▶ **Task goal**:
Among the lines below, copy exactly those from the one with "The Filigree Ring Mirror" through the one with "Canon PowerShot G3X dłonie", counting both ends.
___ Given data
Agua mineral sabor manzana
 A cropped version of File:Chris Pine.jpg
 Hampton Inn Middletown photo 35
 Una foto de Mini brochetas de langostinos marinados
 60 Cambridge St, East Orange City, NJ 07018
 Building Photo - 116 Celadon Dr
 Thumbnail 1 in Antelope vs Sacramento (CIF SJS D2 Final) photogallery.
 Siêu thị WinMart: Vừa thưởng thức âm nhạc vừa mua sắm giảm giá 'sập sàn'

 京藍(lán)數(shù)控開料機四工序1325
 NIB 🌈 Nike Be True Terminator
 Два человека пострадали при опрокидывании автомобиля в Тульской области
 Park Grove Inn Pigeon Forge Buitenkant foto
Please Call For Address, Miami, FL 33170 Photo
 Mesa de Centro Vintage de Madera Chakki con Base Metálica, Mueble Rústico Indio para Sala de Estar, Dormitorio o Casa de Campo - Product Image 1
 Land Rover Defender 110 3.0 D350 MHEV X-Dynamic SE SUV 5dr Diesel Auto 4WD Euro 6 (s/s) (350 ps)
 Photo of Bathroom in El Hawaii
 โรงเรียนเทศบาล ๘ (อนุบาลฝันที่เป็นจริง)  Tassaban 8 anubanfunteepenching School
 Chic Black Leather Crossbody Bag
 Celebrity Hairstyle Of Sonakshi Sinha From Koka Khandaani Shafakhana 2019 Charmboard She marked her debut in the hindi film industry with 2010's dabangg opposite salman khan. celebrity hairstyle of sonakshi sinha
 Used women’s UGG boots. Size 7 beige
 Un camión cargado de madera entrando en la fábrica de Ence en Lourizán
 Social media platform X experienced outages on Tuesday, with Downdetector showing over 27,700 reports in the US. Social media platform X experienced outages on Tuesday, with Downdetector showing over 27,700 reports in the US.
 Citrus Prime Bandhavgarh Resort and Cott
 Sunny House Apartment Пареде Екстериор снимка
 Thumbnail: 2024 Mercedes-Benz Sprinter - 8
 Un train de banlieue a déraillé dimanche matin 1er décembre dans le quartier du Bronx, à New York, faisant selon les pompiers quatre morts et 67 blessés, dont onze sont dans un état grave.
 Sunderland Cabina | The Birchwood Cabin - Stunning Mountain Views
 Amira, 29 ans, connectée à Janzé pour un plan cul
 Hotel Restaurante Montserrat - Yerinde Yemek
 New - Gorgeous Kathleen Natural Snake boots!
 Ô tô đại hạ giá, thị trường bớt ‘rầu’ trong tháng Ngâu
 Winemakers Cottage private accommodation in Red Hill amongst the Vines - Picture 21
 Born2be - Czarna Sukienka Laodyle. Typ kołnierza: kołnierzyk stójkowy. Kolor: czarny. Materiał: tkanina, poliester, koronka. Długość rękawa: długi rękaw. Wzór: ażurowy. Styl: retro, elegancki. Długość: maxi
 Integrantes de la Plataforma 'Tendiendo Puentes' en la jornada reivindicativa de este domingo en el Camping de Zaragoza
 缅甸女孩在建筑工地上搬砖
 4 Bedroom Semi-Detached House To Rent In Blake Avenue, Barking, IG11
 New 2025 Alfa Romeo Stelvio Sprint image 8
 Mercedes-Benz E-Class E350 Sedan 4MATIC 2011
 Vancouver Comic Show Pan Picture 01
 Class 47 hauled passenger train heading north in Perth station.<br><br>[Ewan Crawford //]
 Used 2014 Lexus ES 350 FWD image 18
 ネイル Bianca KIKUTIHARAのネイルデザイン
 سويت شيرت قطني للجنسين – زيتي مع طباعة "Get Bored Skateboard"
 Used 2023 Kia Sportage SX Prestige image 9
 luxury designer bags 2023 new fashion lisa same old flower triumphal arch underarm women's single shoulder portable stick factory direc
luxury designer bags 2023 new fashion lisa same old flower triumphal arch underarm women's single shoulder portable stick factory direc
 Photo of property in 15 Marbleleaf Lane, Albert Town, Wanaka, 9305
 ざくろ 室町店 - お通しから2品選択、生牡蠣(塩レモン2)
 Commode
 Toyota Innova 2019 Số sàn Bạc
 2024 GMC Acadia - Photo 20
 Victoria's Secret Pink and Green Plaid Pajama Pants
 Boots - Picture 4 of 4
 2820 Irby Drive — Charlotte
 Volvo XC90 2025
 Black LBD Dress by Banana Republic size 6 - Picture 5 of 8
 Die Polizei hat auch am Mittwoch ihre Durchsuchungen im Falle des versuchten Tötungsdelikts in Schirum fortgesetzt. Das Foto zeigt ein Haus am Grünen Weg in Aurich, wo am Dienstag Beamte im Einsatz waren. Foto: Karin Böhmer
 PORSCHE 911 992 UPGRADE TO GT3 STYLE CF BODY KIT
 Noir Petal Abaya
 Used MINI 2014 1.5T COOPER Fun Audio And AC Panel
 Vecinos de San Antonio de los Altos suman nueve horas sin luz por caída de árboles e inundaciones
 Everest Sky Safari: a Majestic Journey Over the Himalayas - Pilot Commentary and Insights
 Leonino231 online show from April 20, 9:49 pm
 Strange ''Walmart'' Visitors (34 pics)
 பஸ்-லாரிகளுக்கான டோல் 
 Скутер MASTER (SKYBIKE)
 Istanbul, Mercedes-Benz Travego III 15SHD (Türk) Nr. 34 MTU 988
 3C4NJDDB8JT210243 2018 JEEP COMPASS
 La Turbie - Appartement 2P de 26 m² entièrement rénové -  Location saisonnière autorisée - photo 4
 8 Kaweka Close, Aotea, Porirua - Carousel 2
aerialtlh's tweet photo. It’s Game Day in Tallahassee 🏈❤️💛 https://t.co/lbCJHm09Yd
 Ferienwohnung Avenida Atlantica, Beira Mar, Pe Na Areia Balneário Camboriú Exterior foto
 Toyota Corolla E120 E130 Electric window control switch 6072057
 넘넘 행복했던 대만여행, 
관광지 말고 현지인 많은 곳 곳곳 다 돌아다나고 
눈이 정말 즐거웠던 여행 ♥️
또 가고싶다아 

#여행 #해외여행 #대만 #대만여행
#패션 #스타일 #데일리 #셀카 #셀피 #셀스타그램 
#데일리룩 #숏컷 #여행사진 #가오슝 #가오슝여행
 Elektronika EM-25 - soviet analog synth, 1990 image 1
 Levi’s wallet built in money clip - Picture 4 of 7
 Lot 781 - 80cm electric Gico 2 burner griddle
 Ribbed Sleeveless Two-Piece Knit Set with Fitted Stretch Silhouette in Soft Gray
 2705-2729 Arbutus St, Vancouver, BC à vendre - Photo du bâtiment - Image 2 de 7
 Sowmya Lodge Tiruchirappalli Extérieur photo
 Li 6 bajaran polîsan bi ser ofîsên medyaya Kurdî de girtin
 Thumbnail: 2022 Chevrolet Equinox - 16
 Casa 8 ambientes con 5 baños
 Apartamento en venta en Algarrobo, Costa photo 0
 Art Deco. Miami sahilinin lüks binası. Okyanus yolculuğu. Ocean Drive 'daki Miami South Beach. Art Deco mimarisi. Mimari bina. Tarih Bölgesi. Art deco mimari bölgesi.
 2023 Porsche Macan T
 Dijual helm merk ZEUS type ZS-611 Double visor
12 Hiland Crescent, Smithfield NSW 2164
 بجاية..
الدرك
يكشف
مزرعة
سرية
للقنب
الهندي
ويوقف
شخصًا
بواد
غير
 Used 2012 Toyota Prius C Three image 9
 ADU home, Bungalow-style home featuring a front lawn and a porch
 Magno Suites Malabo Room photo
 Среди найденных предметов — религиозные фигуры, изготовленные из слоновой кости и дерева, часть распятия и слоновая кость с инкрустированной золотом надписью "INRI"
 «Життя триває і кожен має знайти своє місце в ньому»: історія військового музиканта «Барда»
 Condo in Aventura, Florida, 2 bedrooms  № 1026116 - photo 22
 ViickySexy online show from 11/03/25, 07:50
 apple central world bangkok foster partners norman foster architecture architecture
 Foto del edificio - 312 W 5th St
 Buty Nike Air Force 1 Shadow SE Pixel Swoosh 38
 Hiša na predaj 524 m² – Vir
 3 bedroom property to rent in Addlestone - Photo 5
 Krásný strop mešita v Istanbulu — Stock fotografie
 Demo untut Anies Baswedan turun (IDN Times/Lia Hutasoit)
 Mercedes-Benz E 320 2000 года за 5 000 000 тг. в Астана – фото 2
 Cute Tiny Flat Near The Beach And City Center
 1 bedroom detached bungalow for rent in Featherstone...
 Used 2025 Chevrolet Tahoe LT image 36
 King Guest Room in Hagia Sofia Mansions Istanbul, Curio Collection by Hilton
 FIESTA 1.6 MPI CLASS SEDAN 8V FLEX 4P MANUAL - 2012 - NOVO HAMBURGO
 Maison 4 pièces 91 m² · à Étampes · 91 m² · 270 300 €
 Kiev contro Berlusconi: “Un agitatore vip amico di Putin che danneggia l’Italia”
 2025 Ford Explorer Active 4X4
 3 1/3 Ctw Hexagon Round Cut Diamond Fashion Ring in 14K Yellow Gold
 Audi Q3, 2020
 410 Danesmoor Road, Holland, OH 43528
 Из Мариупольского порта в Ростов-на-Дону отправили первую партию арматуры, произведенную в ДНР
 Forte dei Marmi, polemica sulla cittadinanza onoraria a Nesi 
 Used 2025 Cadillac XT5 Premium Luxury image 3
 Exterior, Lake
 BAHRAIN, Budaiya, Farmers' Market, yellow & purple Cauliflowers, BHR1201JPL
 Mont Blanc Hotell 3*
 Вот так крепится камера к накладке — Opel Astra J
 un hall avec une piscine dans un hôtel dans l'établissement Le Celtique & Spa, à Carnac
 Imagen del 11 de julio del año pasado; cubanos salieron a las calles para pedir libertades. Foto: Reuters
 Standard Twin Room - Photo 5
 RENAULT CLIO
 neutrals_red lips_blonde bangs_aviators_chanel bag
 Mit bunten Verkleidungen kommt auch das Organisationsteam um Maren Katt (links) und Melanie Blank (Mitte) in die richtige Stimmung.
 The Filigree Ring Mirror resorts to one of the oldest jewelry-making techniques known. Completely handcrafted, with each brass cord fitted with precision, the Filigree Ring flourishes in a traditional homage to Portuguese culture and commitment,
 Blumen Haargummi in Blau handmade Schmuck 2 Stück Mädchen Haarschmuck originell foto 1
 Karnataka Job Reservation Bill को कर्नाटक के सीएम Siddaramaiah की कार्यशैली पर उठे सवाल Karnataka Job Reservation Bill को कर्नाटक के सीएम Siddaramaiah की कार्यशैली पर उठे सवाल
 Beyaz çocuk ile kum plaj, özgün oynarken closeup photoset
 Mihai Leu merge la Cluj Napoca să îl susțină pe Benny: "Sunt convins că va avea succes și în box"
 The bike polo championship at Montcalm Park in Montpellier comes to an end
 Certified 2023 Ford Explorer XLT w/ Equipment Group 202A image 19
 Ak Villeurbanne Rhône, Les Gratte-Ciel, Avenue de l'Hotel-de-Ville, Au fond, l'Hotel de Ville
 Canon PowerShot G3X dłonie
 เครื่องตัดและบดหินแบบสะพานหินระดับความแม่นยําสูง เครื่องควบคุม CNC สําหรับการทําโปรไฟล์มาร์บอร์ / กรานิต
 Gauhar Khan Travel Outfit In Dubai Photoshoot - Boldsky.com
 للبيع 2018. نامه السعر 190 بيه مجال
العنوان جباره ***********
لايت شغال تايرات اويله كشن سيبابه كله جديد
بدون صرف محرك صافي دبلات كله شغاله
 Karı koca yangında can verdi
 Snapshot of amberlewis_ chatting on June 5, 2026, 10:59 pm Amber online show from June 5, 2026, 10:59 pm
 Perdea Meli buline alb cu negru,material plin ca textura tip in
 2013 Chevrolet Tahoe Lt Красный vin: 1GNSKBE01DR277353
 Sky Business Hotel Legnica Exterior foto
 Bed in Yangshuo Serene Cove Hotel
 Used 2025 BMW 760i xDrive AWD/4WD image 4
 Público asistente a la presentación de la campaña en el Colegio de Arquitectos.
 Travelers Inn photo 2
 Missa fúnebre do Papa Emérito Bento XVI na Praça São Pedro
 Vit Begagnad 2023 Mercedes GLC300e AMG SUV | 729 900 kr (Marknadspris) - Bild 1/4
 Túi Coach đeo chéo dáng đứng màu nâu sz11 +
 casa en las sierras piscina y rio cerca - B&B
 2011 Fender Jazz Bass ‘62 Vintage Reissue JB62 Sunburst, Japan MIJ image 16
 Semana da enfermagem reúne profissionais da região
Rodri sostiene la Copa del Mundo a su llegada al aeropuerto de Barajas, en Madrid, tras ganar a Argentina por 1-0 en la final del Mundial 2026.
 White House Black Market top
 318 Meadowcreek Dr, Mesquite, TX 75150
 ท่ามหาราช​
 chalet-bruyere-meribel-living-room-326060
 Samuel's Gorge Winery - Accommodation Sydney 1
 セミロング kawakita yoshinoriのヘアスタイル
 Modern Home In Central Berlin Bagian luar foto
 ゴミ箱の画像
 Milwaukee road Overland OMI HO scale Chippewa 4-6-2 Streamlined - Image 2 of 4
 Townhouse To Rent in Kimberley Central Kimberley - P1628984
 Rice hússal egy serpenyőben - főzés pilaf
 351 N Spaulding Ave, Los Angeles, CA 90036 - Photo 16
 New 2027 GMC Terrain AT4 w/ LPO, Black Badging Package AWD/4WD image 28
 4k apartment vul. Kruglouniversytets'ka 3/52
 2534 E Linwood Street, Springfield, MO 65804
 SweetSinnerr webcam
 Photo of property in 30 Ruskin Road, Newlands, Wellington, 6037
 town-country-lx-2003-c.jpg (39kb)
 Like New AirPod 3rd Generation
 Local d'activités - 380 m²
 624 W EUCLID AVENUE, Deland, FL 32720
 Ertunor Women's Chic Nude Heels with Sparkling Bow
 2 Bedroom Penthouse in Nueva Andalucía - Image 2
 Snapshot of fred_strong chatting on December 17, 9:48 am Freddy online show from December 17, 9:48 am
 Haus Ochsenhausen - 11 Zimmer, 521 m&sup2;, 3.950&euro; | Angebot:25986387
______
▶ **Completed task**:
 The Filigree Ring Mirror resorts to one of the oldest jewelry-making techniques known. Completely handcrafted, with each brass cord fitted with precision, the Filigree Ring flourishes in a traditional homage to Portuguese culture and commitment,
 Blumen Haargummi in Blau handmade Schmuck 2 Stück Mädchen Haarschmuck originell foto 1
 Karnataka Job Reservation Bill को कर्नाटक के सीएम Siddaramaiah की कार्यशैली पर उठे सवाल Karnataka Job Reservation Bill को कर्नाटक के सीएम Siddaramaiah की कार्यशैली पर उठे सवाल
 Beyaz çocuk ile kum plaj, özgün oynarken closeup photoset
 Mihai Leu merge la Cluj Napoca să îl susțină pe Benny: "Sunt convins că va avea succes și în box"
 The bike polo championship at Montcalm Park in Montpellier comes to an end
 Certified 2023 Ford Explorer XLT w/ Equipment Group 202A image 19
 Ak Villeurbanne Rhône, Les Gratte-Ciel, Avenue de l'Hotel-de-Ville, Au fond, l'Hotel de Ville
 Canon PowerShot G3X dłonie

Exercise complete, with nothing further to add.